Problem to solve: Scan the material for the word "Waist" and copy each line where it occurs.
[Opening Excerpted records section]
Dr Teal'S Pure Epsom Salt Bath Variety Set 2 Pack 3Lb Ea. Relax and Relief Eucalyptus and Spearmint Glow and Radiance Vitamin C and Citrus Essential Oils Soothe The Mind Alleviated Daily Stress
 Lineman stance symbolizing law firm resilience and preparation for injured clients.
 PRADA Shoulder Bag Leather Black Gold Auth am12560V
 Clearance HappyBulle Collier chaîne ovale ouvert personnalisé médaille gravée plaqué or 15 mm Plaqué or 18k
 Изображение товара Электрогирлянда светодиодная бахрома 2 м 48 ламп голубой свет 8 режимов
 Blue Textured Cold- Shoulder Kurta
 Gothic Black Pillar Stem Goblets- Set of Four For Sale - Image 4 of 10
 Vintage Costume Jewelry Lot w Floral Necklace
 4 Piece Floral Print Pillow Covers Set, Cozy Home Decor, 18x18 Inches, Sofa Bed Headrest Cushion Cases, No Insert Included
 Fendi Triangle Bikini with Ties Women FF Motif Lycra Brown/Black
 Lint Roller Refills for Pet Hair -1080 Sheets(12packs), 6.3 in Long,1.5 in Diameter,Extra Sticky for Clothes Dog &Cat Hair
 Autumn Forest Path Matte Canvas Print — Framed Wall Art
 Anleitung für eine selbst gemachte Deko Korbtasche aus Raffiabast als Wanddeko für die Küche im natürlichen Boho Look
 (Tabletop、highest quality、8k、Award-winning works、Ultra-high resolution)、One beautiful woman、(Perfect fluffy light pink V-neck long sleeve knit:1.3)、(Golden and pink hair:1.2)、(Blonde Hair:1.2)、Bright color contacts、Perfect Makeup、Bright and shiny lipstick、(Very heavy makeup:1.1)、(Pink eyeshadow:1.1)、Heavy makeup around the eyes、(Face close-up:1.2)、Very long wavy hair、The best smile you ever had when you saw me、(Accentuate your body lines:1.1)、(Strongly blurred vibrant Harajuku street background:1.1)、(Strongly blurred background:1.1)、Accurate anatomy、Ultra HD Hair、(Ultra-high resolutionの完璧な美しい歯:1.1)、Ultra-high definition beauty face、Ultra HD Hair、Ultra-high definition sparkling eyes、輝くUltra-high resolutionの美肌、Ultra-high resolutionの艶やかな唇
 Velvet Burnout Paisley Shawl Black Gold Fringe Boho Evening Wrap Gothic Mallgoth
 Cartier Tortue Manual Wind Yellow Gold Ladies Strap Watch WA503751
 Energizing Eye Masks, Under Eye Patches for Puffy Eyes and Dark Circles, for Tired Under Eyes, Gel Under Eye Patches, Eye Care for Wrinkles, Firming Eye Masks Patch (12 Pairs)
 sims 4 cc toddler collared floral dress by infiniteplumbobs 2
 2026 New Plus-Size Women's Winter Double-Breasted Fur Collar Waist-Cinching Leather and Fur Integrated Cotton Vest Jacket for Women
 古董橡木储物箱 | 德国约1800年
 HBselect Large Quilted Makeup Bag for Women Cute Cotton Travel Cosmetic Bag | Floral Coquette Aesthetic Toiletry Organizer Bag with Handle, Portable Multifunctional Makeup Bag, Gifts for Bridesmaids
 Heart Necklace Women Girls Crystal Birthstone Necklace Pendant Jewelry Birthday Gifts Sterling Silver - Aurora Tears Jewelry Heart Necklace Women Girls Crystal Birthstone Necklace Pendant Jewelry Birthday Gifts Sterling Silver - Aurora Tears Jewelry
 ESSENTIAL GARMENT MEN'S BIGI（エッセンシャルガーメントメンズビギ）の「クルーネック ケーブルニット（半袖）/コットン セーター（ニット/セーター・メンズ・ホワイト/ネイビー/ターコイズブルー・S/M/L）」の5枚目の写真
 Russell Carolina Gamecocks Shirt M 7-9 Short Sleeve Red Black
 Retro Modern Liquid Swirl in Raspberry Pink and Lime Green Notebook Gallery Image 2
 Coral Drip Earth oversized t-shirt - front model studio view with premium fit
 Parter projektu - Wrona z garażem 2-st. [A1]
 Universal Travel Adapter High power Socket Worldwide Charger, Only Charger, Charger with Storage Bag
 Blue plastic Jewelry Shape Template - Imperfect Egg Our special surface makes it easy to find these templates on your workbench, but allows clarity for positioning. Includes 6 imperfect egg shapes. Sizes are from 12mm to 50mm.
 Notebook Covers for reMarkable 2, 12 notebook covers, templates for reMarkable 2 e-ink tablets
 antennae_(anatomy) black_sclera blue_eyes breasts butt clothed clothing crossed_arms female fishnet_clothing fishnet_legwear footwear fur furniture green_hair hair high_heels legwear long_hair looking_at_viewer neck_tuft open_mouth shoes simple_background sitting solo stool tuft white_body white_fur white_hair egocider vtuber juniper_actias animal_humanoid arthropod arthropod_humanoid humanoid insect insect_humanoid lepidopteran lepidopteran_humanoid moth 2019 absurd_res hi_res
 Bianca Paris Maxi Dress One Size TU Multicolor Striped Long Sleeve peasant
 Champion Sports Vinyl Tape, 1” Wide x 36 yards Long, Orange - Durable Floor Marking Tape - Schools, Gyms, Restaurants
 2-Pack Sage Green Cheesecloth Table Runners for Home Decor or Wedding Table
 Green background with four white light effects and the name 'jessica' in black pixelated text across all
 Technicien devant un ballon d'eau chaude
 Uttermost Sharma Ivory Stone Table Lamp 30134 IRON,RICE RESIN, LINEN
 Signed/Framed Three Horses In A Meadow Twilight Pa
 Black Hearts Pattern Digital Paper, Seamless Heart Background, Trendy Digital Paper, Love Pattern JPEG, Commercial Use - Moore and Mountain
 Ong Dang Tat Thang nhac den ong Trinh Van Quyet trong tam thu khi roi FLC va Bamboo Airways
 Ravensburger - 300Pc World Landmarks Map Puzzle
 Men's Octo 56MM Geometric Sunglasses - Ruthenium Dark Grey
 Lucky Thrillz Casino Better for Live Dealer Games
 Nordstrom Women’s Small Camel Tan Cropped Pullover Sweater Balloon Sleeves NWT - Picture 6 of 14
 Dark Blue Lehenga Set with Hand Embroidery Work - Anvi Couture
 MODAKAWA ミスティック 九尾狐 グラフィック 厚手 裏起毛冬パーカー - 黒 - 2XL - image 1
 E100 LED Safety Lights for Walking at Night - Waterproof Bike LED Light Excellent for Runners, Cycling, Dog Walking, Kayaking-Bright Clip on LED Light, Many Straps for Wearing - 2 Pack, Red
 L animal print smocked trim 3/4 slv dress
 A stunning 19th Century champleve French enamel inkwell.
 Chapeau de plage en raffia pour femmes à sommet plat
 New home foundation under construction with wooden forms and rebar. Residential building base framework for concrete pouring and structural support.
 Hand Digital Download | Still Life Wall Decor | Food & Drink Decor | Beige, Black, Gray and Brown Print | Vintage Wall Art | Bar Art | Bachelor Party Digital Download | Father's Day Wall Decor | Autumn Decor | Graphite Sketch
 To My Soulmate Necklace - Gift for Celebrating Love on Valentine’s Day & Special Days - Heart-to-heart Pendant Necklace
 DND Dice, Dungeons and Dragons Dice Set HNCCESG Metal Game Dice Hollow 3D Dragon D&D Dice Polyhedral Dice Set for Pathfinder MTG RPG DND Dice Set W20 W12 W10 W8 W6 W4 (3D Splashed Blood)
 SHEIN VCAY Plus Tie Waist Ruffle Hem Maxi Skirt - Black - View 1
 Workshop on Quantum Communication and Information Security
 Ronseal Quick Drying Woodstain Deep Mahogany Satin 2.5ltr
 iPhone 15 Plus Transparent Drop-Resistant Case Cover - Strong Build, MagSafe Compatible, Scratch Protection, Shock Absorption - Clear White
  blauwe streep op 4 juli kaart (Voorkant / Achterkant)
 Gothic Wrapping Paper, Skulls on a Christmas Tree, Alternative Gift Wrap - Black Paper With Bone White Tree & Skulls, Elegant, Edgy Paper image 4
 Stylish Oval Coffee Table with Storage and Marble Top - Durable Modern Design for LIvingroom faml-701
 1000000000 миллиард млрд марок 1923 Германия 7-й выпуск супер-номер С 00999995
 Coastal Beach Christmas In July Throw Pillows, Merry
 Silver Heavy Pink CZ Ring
[Closing Excerpted records section]
Response area:
 2026 New Plus-Size Women's Winter Double-Breasted Fur Collar Waist-Cinching Leather and Fur Integrated Cotton Vest Jacket for Women
 SHEIN VCAY Plus Tie Waist Ruffle Hem Maxi Skirt - Black - View 1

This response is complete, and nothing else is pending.